4. Display personal creativity symbols. Each of your salespeople has a unique perspective. Encourage them to express their individuality by having them display items on their desks that represent their views of creativity in selling. A crystal ball, for example, might represent a view toward future sales, or a bottle of Heinz ketchup could symbolize a personal goal of generating 57 new selling ideas.
5. Brainstorm over burgers. Group brainstorming sessions allow your salespeople to bounce ideas off one another. Each week, have your salespeople meet for lunch in groups of four or five. Ask each person to read and share from an article, report, or book chapter on creativity and relate it to how it can help sales.

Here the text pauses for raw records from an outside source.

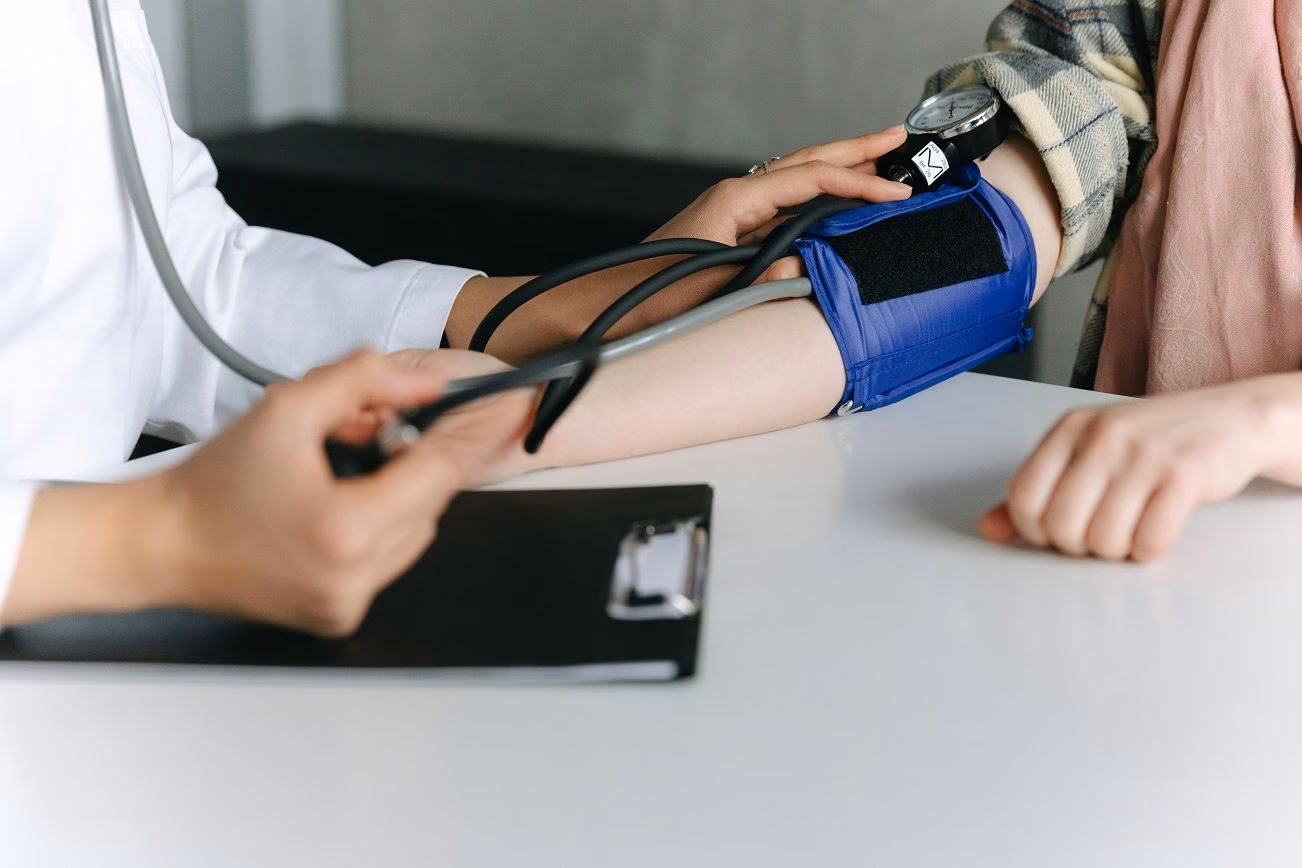 Médicos internistas en Málaga: Profesionales y centros de referencia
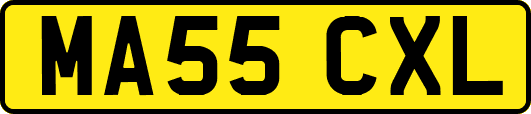 MA55CXL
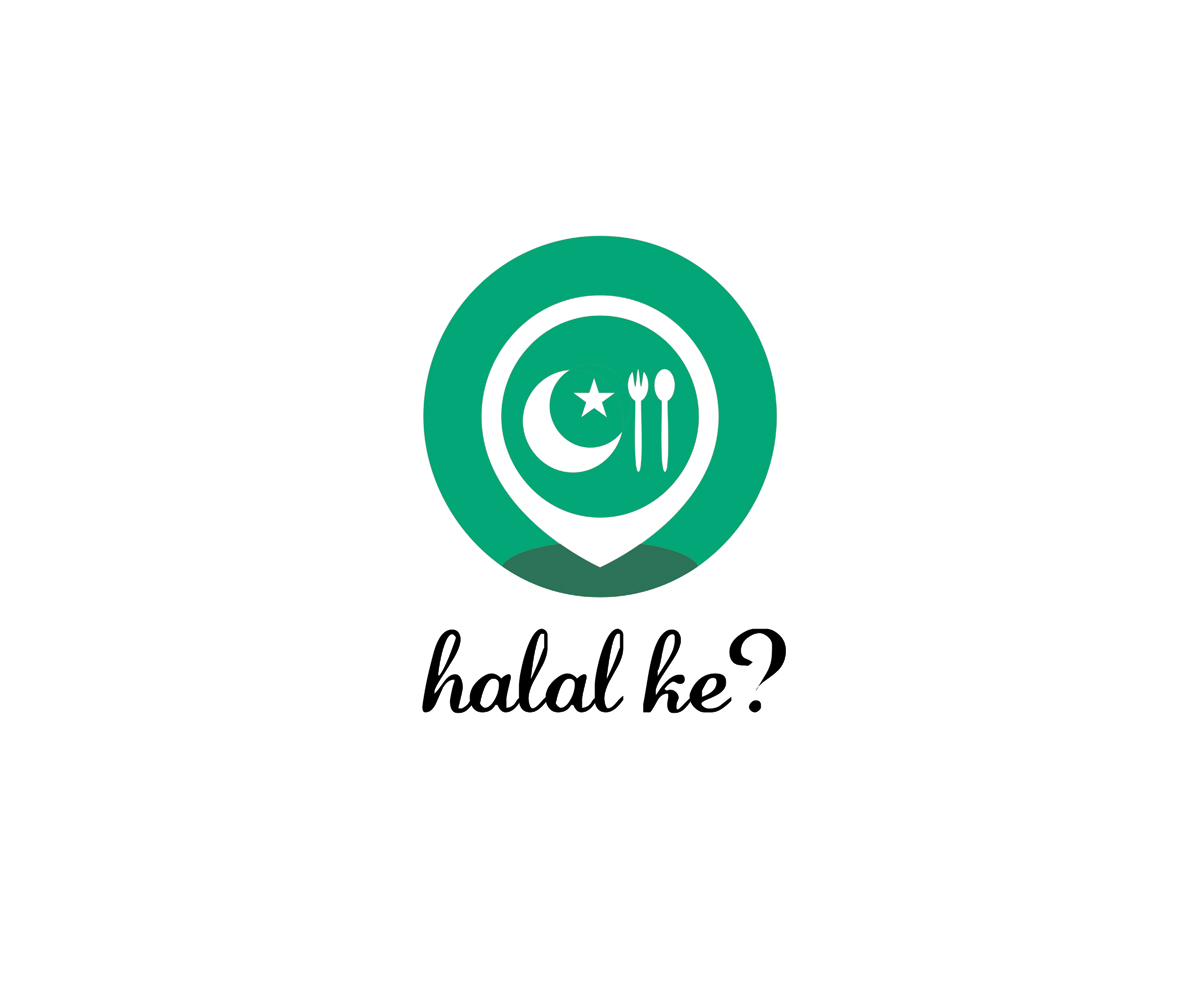 Logo-Design von vincent.designpro für dieses Projekt | Design #27873145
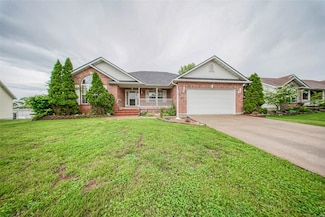 1106 Grandsir Ave, Rolla, MO 65401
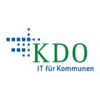 Linux System Engineer (m / w / d) mit Zielrichtung Kubernetes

When you can, invite an innovative businessperson to join you and provide an outside perspective.
6. Keep a bright ideas notebook. To make your team’s ideas pay off, you have to put them to use. Help ensure that those ideas don’t go to waste by encouraging your salespeople to record their ideas in a notebook. Each day, have your team write down three ideas for improving sales, and at the end of each month, collect the notebooks and categorize the ideas for further discussion.
7. Start a creative thinker’s hall of fame. If your team isn’t used to thinking creatively, you may need to provide an incentive to motivate a change in their thought patterns. Designate a wall in your department as a “Hall of Fame” for posting photos of salespeople whose ideas are implemented. Accompany each photo with a paragraph about the salesperson, the idea that was contributed and its impact on the company.
8. Consider how things can be done instead of how they can’t. Many of mankind’s greatest inventions were believed to be impossible until some innovator found a way to make them work. Ask your salespeople to think of three sales-related goals or tasks they think are impossible (such as getting an appointment with a tough prospect or setting a new sales record). Then have them think of three ways to accomplish each “impossible” task.
Progress doesn’t come from following the same old routines over and over – it’s a result of innovation and imagination. The sales team that wants to sell more effectively first needs to think more effectively, which means breaking out of rigid and traditional thought patterns. By taking proactive steps to manage the efforts of your sales team to think more creatively, you’re helping them take advantage of their highest potential.